The three main dimensions of border security are tactical infrastructure, surveillance technology, and personnel.
Tactical Infrastructure. Physical barriers between ports of entry (POE) on the southern border vary in age, purpose, form, and location. GAO reports that at the end of FY2015, about one-third of the southern border, or 654 miles, had a primary layer of fencing: approximately 350 miles designed to keep out pedestrians, and 300 miles to prevent vehicles from entering. Approximately 90% of the 654 miles of primary fencing is located in the five contiguous Border Patrol sectors located in California, Arizona, and New Mexico, while the remaining 10% is in the four eastern sectors (largely in Texas) where the Rio Grande River delineates most of the border. About 82% of primary pedestrian fencing and 75% of primary vehicle fencing are considered "modern" and were constructed between 2006 and 2011. Across 37 discontinuous miles, the primary layer is backed by a secondary layer (pedestrian) as well as an additional 14 miles of tertiary fencing (typically to delineate property lines). No new miles of primary fencing have been constructed since the 654 miles were completed in 2015, but sections of legacy fencing and breached areas have been replaced. Additional tactical infrastructure includes roads, gates, bridges, and lighting designed to support border enforcement, and to disrupt and impede illicit activity.

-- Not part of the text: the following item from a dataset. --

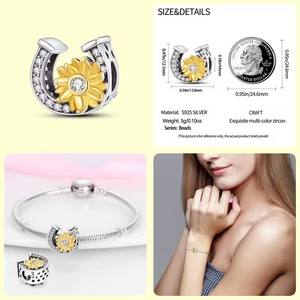 Nuevo Charm Cristiano 2025, Bonito Charm de Plata 925 con Colgante de Sol y Luna, Compatible con Pulsera/Collar Panda, Joyería de Lujo para Mujer, Regalo DIY - Product Image 6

Surveillance Technology. To assist in the detection, identification, and apprehension of individuals illegally entering the United States between POEs, CBP also maintains border surveillance technology. Ground technology includes sensors, cameras, and radar tailored to fit specific terrain and population densities. Aerial and marine surveillance vessels, manned and unmanned, patrol inaccessible regions.
Personnel. Approximately 19,500 Border Patrol agents were stationed nationwide, with most (16,600) at the southern border in FY2017. Subject to available appropriations, Executive Order 13767 calls on CBP to take appropriate action to hire an additional 5,000 Border Patrol agents. However, CBP continues to face challenges attaining statutorily established minimum staffing levels for its Border Patrol positions despite increased recruitment and retention efforts.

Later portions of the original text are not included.